The human skin blocks the entrance of disease-causing microbes into the body. The skin helps regulate the body's temperature, which in turn keeps the organ systems functioning at an optimal level. The skin also plays a role in water retention; it prevents water from leaving your body, thus preventing dehydration. The average person's skin covers 1.5 to 2 square meters. Skin is comprised of three primary layers the epidermis, the dermis and the hypodermis.
A human's immunity is comprised of a complex system of biological structures and processes. The immune system is designed to distinguish external pathogens from your own tissue and neutralize their harmful effects. The immune system includes white blood cells, non-specific defense mechanisms, and humoral and chemical barriers.
Inflammation is a response conducted by your immune system; Inflammation is a complex biological response to tissue damage. Inflammation not only destroys pathogens, but it also initiates the tissue-healing process.

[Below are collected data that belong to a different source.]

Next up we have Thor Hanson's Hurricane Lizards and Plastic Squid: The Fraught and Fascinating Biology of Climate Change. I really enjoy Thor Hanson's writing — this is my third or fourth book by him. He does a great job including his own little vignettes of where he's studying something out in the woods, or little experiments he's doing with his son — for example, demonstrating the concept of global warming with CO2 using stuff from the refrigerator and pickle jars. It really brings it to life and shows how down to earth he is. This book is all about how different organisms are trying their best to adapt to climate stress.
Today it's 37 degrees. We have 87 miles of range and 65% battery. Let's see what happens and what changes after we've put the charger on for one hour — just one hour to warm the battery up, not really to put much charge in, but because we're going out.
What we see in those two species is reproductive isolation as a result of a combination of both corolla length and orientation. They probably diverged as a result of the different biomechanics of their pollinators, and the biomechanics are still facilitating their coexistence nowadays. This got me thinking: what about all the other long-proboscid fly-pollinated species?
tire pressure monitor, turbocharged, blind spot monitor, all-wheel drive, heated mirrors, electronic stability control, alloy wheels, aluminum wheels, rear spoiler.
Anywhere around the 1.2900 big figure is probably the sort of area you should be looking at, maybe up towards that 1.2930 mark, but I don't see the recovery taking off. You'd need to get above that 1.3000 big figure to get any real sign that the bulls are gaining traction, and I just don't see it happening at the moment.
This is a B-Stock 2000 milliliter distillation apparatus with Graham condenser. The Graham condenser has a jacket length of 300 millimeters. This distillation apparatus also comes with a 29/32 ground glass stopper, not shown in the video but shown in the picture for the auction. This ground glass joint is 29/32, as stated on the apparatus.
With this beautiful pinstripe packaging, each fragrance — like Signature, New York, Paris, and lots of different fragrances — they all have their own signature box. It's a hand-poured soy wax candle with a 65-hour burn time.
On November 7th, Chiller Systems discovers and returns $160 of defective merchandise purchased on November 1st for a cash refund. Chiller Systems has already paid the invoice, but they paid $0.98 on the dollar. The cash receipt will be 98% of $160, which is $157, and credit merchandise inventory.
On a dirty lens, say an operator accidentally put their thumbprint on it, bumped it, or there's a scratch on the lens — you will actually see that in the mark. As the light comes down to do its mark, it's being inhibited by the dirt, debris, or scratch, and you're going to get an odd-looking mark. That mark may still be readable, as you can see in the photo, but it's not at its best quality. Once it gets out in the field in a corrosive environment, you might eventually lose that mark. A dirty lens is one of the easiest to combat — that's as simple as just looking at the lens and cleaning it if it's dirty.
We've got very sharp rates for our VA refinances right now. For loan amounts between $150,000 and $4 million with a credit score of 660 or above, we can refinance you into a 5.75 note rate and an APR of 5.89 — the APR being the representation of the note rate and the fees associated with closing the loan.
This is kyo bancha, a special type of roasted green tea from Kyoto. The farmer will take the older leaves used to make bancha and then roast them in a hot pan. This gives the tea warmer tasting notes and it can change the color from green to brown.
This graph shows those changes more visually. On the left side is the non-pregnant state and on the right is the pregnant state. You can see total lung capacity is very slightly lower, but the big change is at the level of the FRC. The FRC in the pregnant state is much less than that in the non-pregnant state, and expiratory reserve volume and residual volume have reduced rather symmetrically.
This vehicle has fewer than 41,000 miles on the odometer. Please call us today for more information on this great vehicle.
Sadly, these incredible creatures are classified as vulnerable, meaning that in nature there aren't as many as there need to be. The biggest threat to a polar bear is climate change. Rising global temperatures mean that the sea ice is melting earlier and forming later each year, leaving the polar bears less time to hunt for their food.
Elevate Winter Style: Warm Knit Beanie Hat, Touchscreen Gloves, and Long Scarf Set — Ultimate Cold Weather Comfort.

Gastric acid is a substance excreted by cells in the wall of your stomach. This acid not only helps digestion but also neutralizes many microbes that are ingested with the products you eat and drink. In the absence of gastric acid during certain diseases there is almost always a multitude of infections present in your digestive tract.
The blood-brain barrier is caused by a system of endothelial cells located around the capillaries that enter the central nervous system (CNS). These cells prevent large molecules from circulating in the CNS; they also prevent the entrance of most bacteria. It is because of the blood-brain barrier that bacterial infections of the brain are extremely rare.
The placenta is an organ that connects an unborn child to its mother. The placenta weighs about 500 grams (approximately two pounds). The placenta provides the unborn child with nutrients from the mother and also denies entry to microbes that would cause infection in the unborn child.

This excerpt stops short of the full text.